All too often, the group says, Catholic hierarchy does “the bare minimum,” and responds only to subpoenas, rather than taking the initiative to help law enforcement find victims, witnesses and information that can help build strong criminal cases against predator priests.
According to an Irish newspaper, “Markey, 82, was arrested by US marshals last November at his Indiana home in connection with the alleged rape of a 15-year-old boy in 1968. Markey and his attorneys have been fighting the extradition bid since. (He’s) accused of raping a 15-year-old boy twice, including the day of the then-teenager's father's funeral.”
Markey’s lawyers include Mahmoud Bassiouni and Robert Truitt.
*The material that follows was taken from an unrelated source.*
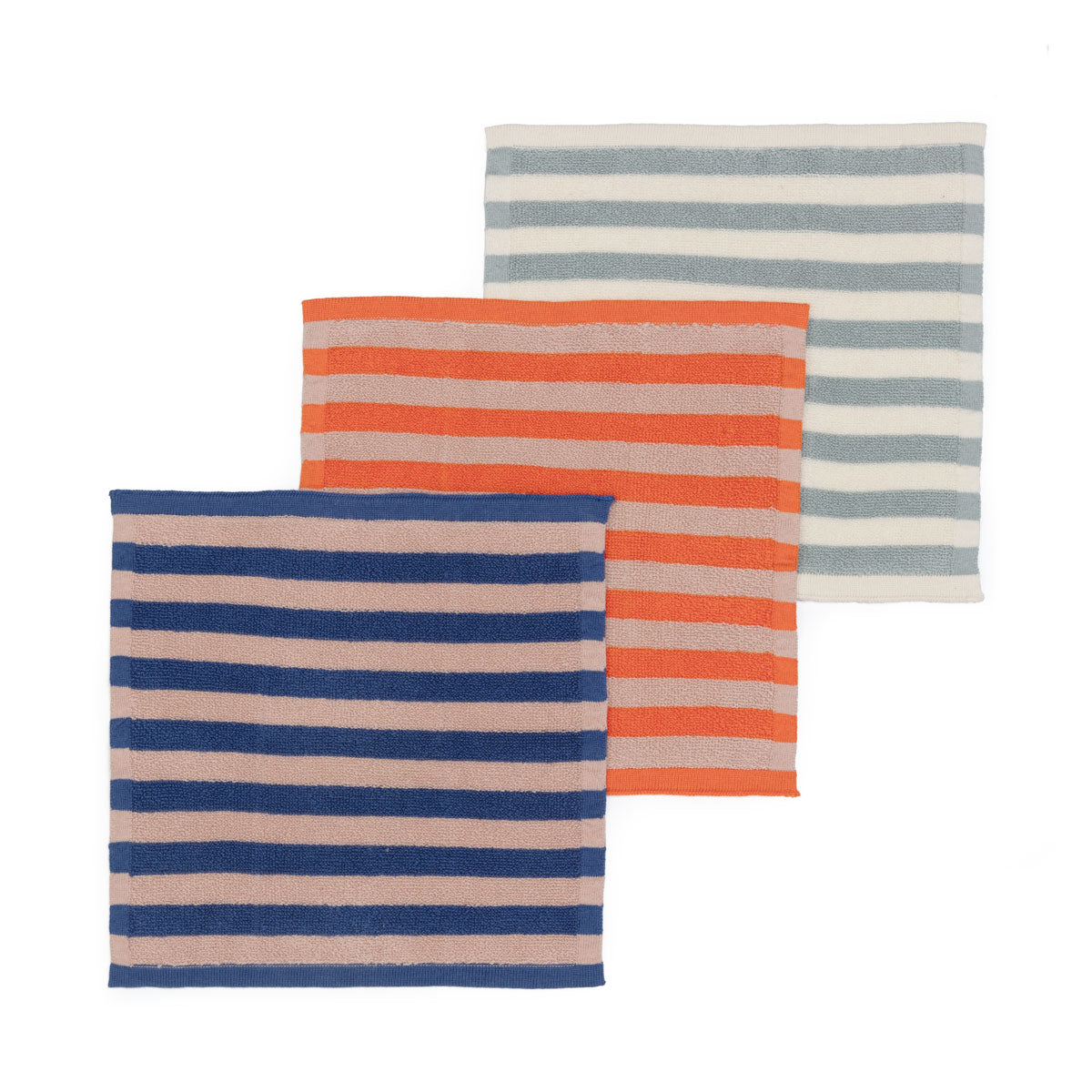 Striped Terry Washcloths: Cobalt/Aqua/Orange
Assistant US attorney Kenneth Hays has been prosecuting the case.
The Most Reverend Paul J. Bradley
February 22, 2010
Dear Bishop Bradley:
As you already know, Fr. Francis Markey faces criminal charges in Ireland of twice raping a boy. We believe you have a moral and civic duty to act quickly to help protect the vulnerable and heal the wounded in child sex cases, especially ones like this, where a conviction is possible and a potentially dangerous man might be kept away from children.
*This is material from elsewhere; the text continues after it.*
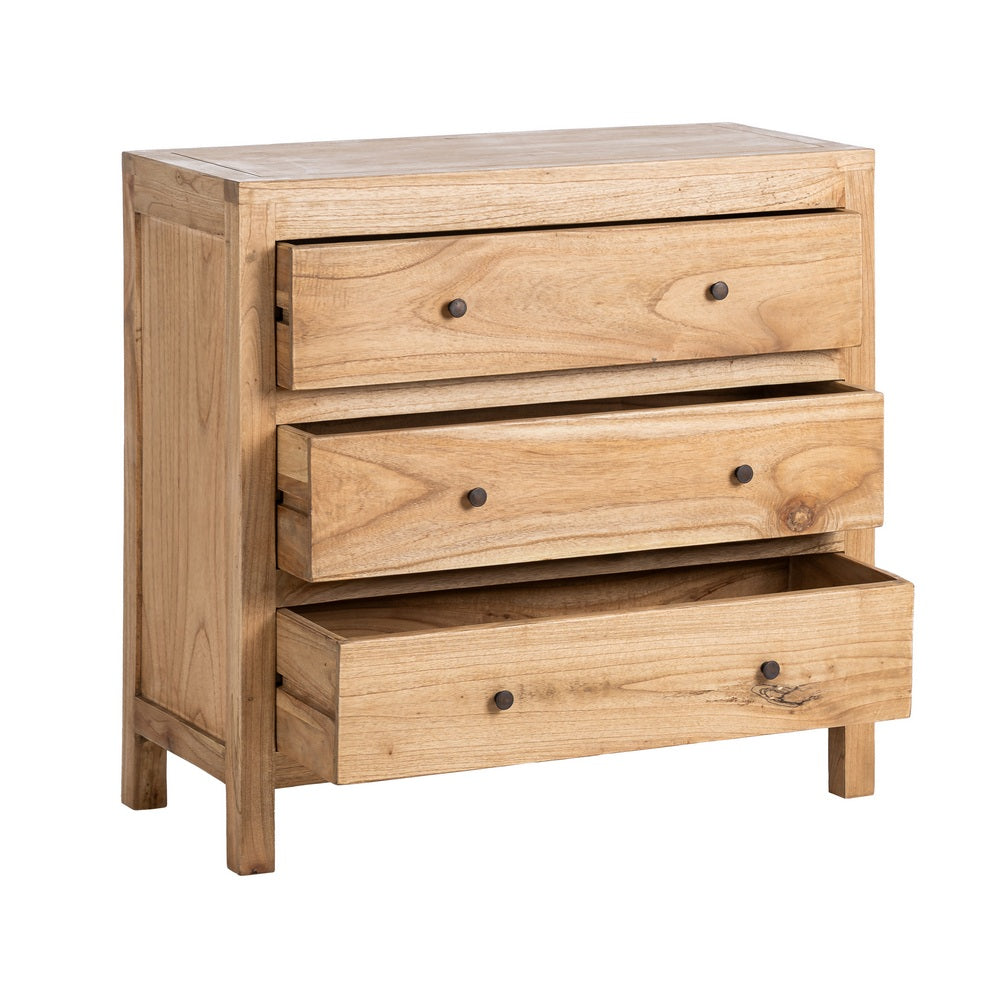 NATURAL MINDY WOOD CHEST OF DRAWERS BEDROOM 90 X 40 X 85 CM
It doesn’t matter how or why Markey got here or worked in Michigan. It doesn’t matter who ordained him, has paid him or is paying him. What matters is that you use your considerable power and resources to have law enforcement quickly get to the bottom of these allegations, instead of acting like so many of your colleagues act: passively sitting back, making excuses, and doing little to help heal the wounded or protect the vulnerable.
We hear he’s not on your payroll and hasn’t had a parish assignment in your diocese. And we know it’s tempting to split hairs, deny responsibility, and do nothing. But we hope you will fight that temptation. We hope you realize that if an accused predator is guilty, and if kids are to be protected, every adult (not just his current employer or direct supervisor) must do whatever he/she can to get victims, witnesses and whistleblowers to call law enforcement about known or suspected pedophiles.
Church history, doctrine, structure and practice hold you responsible for the safety and welfare of Catholics in your diocese. So we believe you have an obligation to alert others - both parishioners and the public - about these criminal charges, and aggressively prod people to call the police if they have seen, suspected or suffered any crimes by him.
We also believe you should disclose any allegations that you may have against this priest, and send any records on him you may have, rather than waiting for a subpoena. You aren’t a trained police officer or prosecutor, so you can’t really know what information might be helpful. So we urge you to provide as much paperwork as possible on Markey to criminal authorities. Again, our goal is to help get a quick and fair resolution to this case.
We also urge you to personally visit places he worked (even temporarily substituting for a vacationing priest by saying Sunday masses), prodding victims and witnesses to come forward, get help, call police, protect others and start healing.
Please aggressively reach out to anyone who may have seen, suspected or suffered crimes by Markey. Please use your diocesan website, diocesan newspaper, employees, parish websites and parish bulletins to urge other victims and witnesses to contact law enforcement immediately with any information about this priest.
We hope you will act decisively and quickly to heal those who are in pain and to safeguard those at risk.